[What you are asked to do] The result should be an exact copy of only the lines from the one with "красногорск, жкх, мой" through the last line of the data below, with pictures omitted.

[Data shown]
################
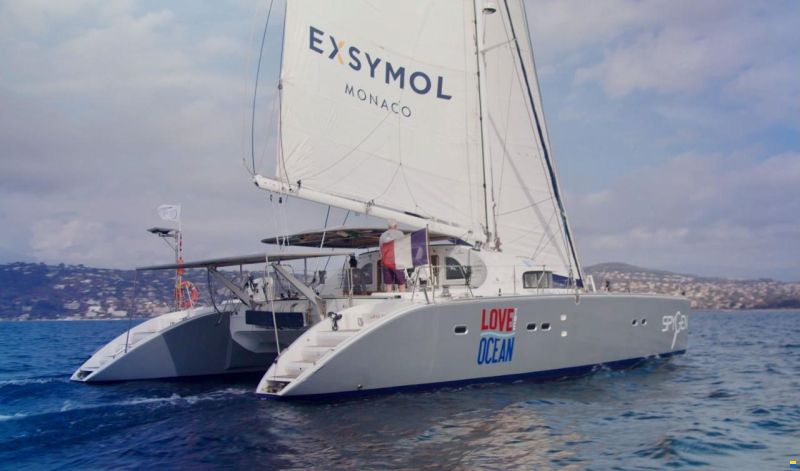GCMC MARINE AIKANE 56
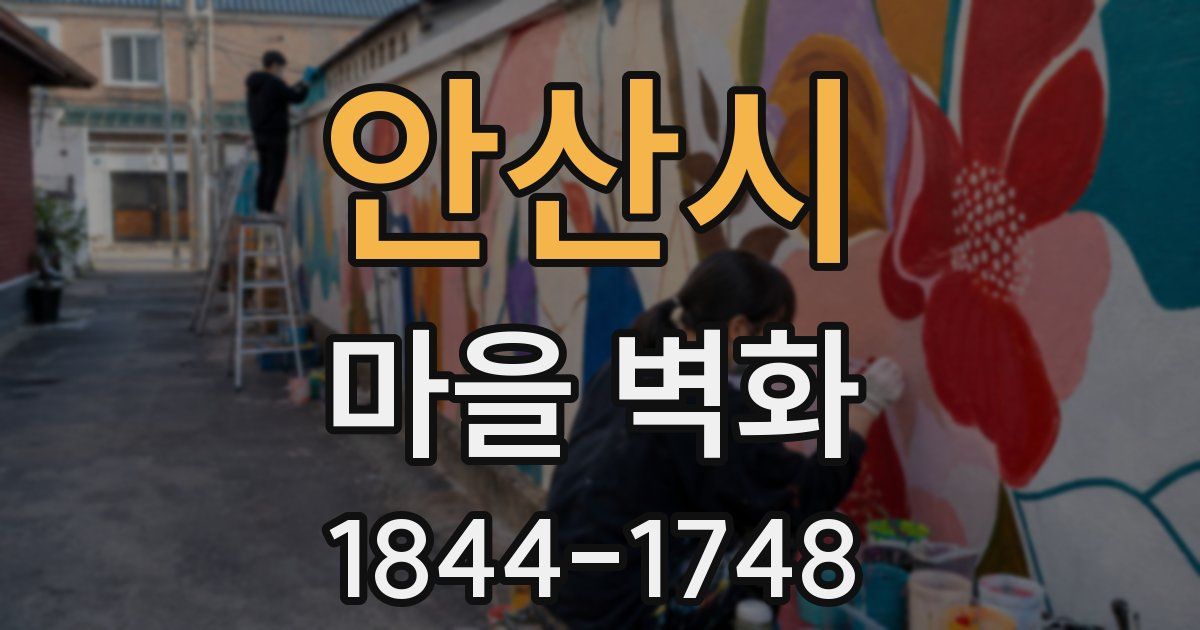 안산시 마을 벽화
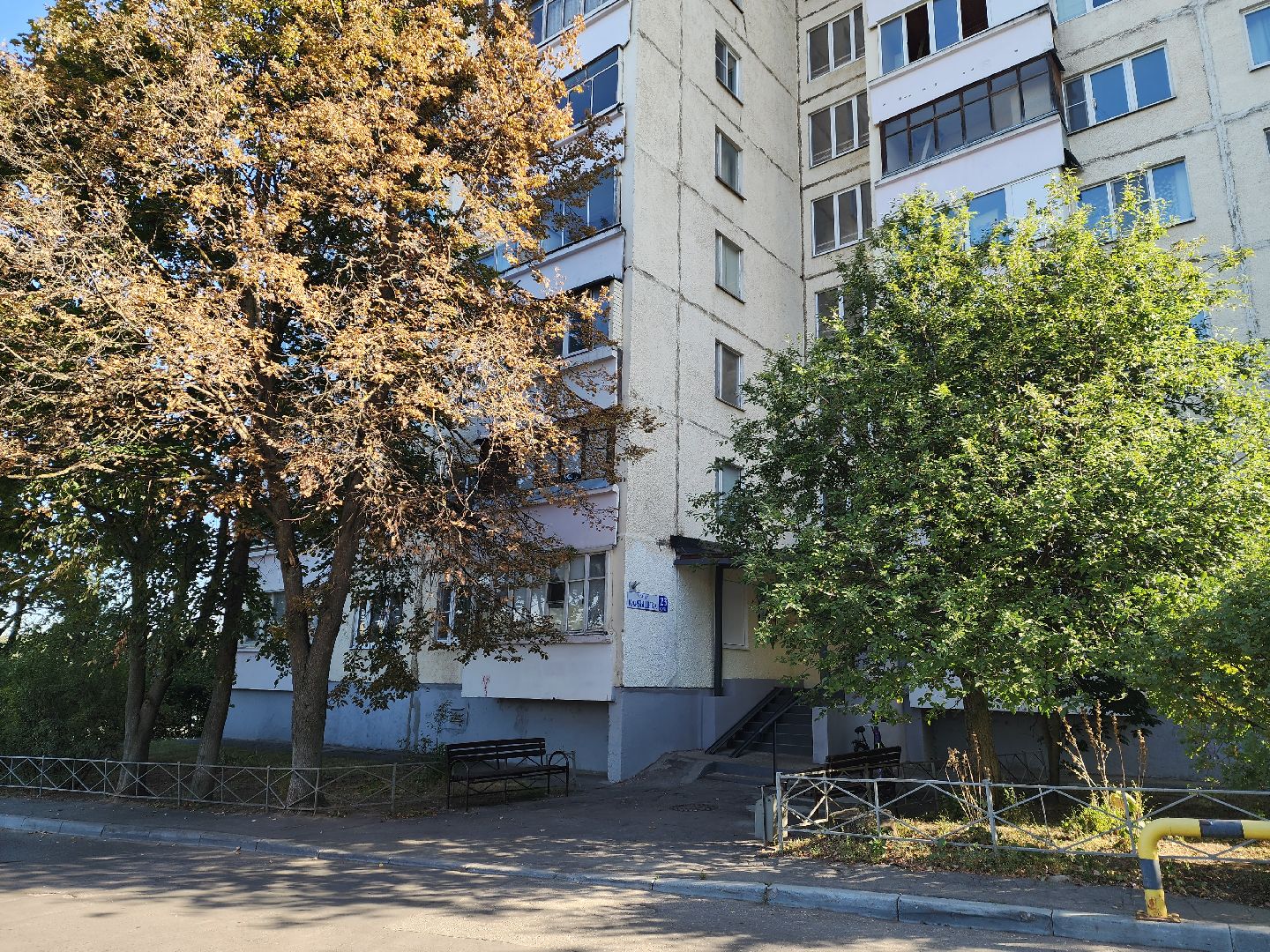 красногорск, жкх, мой подъезд,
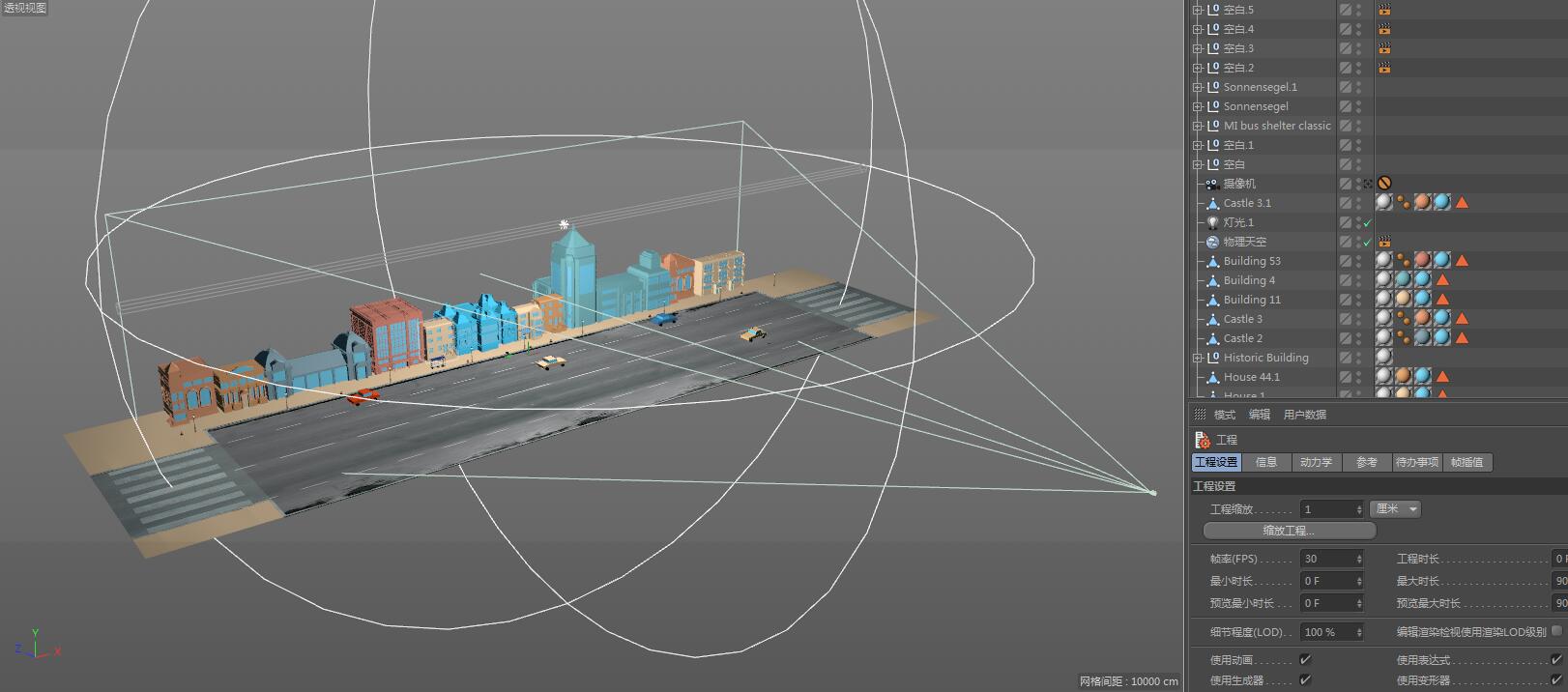 C4D快速打造卡通街道场景 - C4D之家 - ~A4LIZSK6~V33QV@3P}B.jpg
################
[Result below]
 красногорск, жкх, мой подъезд,
 C4D快速打造卡通街道场景 - C4D之家 - ~A4LIZSK6~V33QV@3P}B.jpg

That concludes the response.